A single number is required: how many lines of the listing below include the word "shirt".

= = =

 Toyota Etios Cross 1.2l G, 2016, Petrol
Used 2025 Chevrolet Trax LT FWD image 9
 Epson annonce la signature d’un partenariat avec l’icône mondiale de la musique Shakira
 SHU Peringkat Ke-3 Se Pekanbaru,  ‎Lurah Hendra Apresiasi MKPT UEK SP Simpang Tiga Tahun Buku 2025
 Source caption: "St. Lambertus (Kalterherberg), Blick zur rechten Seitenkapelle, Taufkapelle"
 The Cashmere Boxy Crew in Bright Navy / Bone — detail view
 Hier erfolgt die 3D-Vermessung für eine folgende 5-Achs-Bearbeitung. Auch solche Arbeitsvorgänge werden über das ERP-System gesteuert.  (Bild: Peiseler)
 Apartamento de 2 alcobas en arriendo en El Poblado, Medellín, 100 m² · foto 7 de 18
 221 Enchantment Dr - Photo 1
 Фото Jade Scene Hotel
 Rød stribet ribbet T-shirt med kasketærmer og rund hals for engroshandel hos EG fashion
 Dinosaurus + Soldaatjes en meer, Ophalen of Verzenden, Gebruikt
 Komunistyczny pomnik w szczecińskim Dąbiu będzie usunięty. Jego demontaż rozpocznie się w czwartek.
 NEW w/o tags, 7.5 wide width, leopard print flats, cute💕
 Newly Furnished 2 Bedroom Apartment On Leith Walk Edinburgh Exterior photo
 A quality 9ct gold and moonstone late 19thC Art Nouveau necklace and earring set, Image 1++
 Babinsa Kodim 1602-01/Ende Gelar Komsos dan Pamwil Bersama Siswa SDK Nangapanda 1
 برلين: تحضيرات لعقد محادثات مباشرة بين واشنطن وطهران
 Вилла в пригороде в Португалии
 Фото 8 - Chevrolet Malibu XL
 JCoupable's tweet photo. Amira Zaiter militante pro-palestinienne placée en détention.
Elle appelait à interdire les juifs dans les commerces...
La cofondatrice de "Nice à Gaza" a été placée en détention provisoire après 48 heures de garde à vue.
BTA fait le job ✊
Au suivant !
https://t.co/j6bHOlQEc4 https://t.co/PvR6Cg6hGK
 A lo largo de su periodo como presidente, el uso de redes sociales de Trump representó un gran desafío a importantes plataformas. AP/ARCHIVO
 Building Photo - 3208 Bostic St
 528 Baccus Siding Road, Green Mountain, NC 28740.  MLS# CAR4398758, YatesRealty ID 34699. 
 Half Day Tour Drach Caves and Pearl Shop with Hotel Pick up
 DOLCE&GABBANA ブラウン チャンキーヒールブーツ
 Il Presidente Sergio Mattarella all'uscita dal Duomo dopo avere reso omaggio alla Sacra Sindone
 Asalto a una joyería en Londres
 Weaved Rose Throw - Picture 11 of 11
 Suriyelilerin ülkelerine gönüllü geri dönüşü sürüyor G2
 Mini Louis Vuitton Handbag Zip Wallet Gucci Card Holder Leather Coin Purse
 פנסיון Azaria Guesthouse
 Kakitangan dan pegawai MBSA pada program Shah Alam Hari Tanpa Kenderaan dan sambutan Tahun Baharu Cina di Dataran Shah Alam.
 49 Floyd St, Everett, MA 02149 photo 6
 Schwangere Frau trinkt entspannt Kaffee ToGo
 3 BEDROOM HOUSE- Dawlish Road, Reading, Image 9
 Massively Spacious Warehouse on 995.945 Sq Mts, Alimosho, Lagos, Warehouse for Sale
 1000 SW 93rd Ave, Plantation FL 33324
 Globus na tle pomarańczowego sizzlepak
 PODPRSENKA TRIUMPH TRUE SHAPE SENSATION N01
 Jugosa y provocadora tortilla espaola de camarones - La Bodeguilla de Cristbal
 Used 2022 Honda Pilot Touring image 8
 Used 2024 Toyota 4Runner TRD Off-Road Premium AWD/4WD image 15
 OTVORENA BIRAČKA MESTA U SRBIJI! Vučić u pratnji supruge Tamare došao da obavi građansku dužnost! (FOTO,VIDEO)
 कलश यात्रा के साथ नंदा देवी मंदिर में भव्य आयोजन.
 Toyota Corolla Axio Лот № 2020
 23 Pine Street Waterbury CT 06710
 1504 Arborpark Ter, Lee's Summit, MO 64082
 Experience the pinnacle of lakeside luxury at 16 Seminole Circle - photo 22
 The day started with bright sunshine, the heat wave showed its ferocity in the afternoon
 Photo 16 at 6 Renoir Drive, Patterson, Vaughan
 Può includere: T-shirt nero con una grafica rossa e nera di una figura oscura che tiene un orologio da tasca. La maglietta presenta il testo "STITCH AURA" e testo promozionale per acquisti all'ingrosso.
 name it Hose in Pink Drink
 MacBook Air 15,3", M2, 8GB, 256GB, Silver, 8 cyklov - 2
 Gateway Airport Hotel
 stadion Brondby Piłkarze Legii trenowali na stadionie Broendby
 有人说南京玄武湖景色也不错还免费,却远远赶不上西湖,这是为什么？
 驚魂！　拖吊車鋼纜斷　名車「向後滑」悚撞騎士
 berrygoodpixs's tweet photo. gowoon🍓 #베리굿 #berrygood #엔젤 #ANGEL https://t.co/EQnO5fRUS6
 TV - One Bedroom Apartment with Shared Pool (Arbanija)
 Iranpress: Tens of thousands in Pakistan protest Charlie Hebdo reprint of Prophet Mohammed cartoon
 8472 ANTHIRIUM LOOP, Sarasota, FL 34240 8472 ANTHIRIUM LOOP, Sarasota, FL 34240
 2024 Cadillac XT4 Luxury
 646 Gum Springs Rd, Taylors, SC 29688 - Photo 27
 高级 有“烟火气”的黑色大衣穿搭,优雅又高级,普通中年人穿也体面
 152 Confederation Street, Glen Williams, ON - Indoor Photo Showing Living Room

= = =

# Result of the task:
2